KYIV/OUTSIDE MARIUPOL, Ukraine - Russian forces invaded Ukraine on Thursday, assaulting by land, sea and air in the biggest attack by one state against another in Europe since World War Two.

Missiles rained down on Ukrainian cities. Ukraine reported columns of troops pouring across its borders from Russia and Belarus, and landing on the coast from the Black and Azov seas.

Explosions were heard before dawn and throughout the morning in the capital Kyiv, a city of 3 million people. Gunfire rattled, sirens blared, and the highway out of the city choked with traffic as residents fled.

The assault brought a calamatous end to weeks of fruitless diplomatic efforts by Western leaders to avert war, their worst fears about Russian President Vladimir Putin's ambitions realised.

"Russia treacherously attacked our state in the morning, as Nazi Germany did in the WW2 years," tweeted Ukraine's President Volodymyr Zelenskiy.

"Russia has embarked on a path of evil, but Ukraine is defending itself & won't give up its freedom no matter what Moscow thinks."

Calling on Ukrainians to defend their country, he said arms would be given to anyone prepared to fight.
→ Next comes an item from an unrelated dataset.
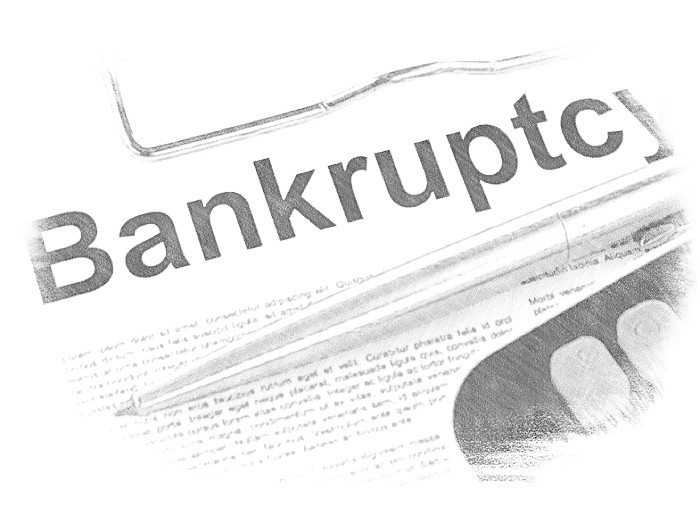 При процедуре банкротства предприятие расплачивается с долгами, получает судебную защиту и ликвидируется законно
He also urged Russians to take to the streets to protest against their government's actions.

U.S. President Joe Biden said he was praying for Ukrainian victims of an "unprovoked and unjustified attack". EU foreign affairs chief Josep Borrell said: "These are among the darkest hours of Europe since the Second World War."

RUSSIAN BOMBING

A resident of Kharkiv, the closest big city to the Russian border, said windows in apartment blocks were shaking from constant blasts.

Outside the southern port of Mariupol, near a frontline held by Russian-backed separatists, a Ukrainian armoured column headed along the road, with soldiers seated atop turrets smiling and flashing victory signs to cars which honked their horns in support.

In Mangush and Berdyansk towns, people queued for cash and gasoline. Civilians from Mariupol packed bags.

"We are going into hiding," one woman said.

Ukrainian officials said Russian helicopters attacked Gostomel, a military airport near Kyiv, and Ukraine downed three of them. Ukrainian border officials said the Russians were trying to penetrate Kyiv region and the Zhytomyr region on the Belarusian border, and they were using Grad rockets.

Initial unconfirmed reports of casualties included Ukrainian civilians killed by Russian bombardment and border guards defending the frontier. Regional authorities of Ukraine's southern Odessa region said 18 people were killed in a missile attack. At least six people were killed in Brovary, a town near Kyiv, authorities there said.

Ukraine's military said it had destroyed four Russian tanks on a road near Kharkiv, killed 50 troops near a town in Luhansk region and downed six Russian warplanes in the east.

Russia denied reports its aircraft or armoured vehicles had been destroyed. Russian-backed separatists claimed to have downed two Ukrainian planes.

'UNPROVOKED AND UNJUSTIFIED'

In an early-morning declaration of war, Putin said he had ordered "a special military operation" to protect people, including Russian citizens, subjected to "genocide" in Ukraine - an accusation the West calls absurd propaganda.

"And for this we will strive for the demilitarisation and denazification of Ukraine," Putin said. "Russia cannot feel safe, develop, and exist with a constant threat emanating from the territory of modern Ukraine...All responsibility for bloodshed will be on the conscience of the ruling regime in Ukraine."

Biden has ruled out sending U.S. troops to defend Ukraine but he and other Western leaders promised tough financial sanctions.

"Russia alone is responsible for the death and destruction this attack will bring, and the United States and its Allies and partners will respond in a united and decisive way," Biden said.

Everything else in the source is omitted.